They came from the pages of the past, from our nation's diverse and varied cultural heritage to bring their stories to life. At the 4th Annual Storytelling Days event last weekend at the George Washington Carver National Monument, six storytellers delivered their tales to a large audience.
The two-day event began on Friday evening with two presentations, the first by James Milton Turner, as portrayed by Greg Carr. Stand On the Promises: James Milton Turner and the Promise of America is designed to commemorate Turner, a prominent 19th century African-American leader. Turner, born in slavery and educated in secret, was a key figure in the establishment of schools for African-American children after the Civil War. Carr, who portrayed Turner, is a speech and theatre instructor at Harris-Stowe State University in St. Louis as well as a writer and director.
Also on Friday, Bobby Norfolk, a three-time Emmy Award winner returned to the park with The Prose and Poetry of Harlem: Dreams Deferred. He shared some of Joplin native Langston Hughes' poetry along with other poems, prose, vignettes and music.
On Saturday, the event continued with Fred Blanco and his one-man show, The Stories of Cesar Chavez. Blanco visited the park last year during Hispanic Heritage Days. His story blended fact and fiction. He has performed the show throughout the United States and Canada for more than a decade.
Paxton Williams, former Executive Director of the Carver Birthplace Association, spoke as Paul Laurence Dunbar, one of American's first influential black poets. He performed as the poet, novelist, and playwright with At Mother Dunbar's Request.
The sole female storyteller during the event, Rebecca Now, St. Louis, presented in character as Elizabeth Cady Staunton. Staunton was 19th century social activist, suffragette, abolitionist, and leader of the women's rights movement. In introducing her performance, James Heaney, Carver park superintendent, noted that her performance is timely as the 100th anniversary of the 19th Amendment, which granted women the right to vote is next year in 2020.
"Have you ever set around a table with your friends and complained?" Now in character as Staunton asked the audience. "This day, I was 33 years old. I had 3 small boys and I was upset and frustrated with my role as housewife while my husband Henry was free to pursue his career and his pleasures. I felt trapped. I suffered from mental hunger."
Staunton spoke about the life of women in the 19th century, that women's wages were owned by their father or husband, that they could not inherit nor have custody of their children. She described a visit to an Abolitionist Conference where she met Lucretia Mott, another suffragette. From there, after a move to Salem Falls, New York, Staunton and her friends expressed their complaints at a tea. That led to a Women's Rights Conference in 1848. Frederick Douglass, a freed slave, spoke at the conference. One of the things the women sought was the right to vote - which came in time.
"Seventy-two years later, women gained the right to vote," Now said.
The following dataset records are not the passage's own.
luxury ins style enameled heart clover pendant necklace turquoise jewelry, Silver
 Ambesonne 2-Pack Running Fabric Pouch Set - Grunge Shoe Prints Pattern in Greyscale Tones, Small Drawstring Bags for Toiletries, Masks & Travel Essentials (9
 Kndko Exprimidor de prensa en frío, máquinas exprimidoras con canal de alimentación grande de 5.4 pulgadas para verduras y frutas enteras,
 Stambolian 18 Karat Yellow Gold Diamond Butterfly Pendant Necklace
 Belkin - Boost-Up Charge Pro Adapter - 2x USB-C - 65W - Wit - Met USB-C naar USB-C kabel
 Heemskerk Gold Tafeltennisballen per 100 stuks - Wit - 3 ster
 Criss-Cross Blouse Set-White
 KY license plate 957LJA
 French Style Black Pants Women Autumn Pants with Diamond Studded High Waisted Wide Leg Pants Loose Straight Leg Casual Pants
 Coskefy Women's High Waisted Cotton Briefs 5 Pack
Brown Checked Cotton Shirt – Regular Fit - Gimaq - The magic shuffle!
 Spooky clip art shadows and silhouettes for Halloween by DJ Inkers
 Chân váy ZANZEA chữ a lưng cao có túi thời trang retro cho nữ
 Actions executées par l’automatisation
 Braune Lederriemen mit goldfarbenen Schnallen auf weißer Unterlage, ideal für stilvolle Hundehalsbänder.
Now, who is executive director of a local chamber of commerce in the St. Louis area, stated that she had not heard of Staunton until 2013. After presenting a speech at a Toastmasters event, someone suggested all she needed was a costume. Now agreed and once she had one, her portrayal of Staunton began.
The last performer was Michael Pahsetopah, accompanied by his daughter, Heaven. Pahsetopah performs with his wife as The Dancing Eagles. An award winning dancer, flutist and storyteller based in Oklahoma, Pahsetopah is a member of the Osage Nation. He tells stories that capture the Native American cultural tradition and provide understanding to the audience through native eyes. He greeted the audience in several Native American languages including Osage and Cherokee, then asked them to repeat the greeting.
"It's my culture," Pahsetopah said, who grew up dancing from the age of 3. He began with what is known as a calling song in Osage. "Powwow season usually starts in May, when school gets out, through Labor Day and we have powwows up into November."
Following the event, Pahsetopah and his daughter, Heaven, were headed to the 143rd annual Ponca Celebration, a powwow held in Ponca City, Oklahoma.
During his songs, dances and storytelling, Pahsetopah played the drum and flute at alternate times. Some of the dances were performed to previously recorded music.
One of the dances was once used before buffalo hunts to find the herds.
Another dance performed with his daughter had Pahsetopah on the flute while his daughter - and the audience - mimicked the sound of rain from sprinkles to a downpour utilizing snapping fingers, clapping and stomping. Children from the audience were invited to participate in some of the dances.
After the event, park staff thanked the audience for attending and invited them to return to next year's Storytelling Days Event, noting that some "big names'" in storytelling would be present.
The next event at the George Washington Carver National Monument will be held on Saturday, September 14 from 10 a.m. through 3 p.m. The annual event celebrates life as it was known during Carver's childhood. It will include living history exhibits including broom making, basket weaving and more and wagon rides through the prairie. Food will be available as a concession courtesy of the Diamond Lions Club.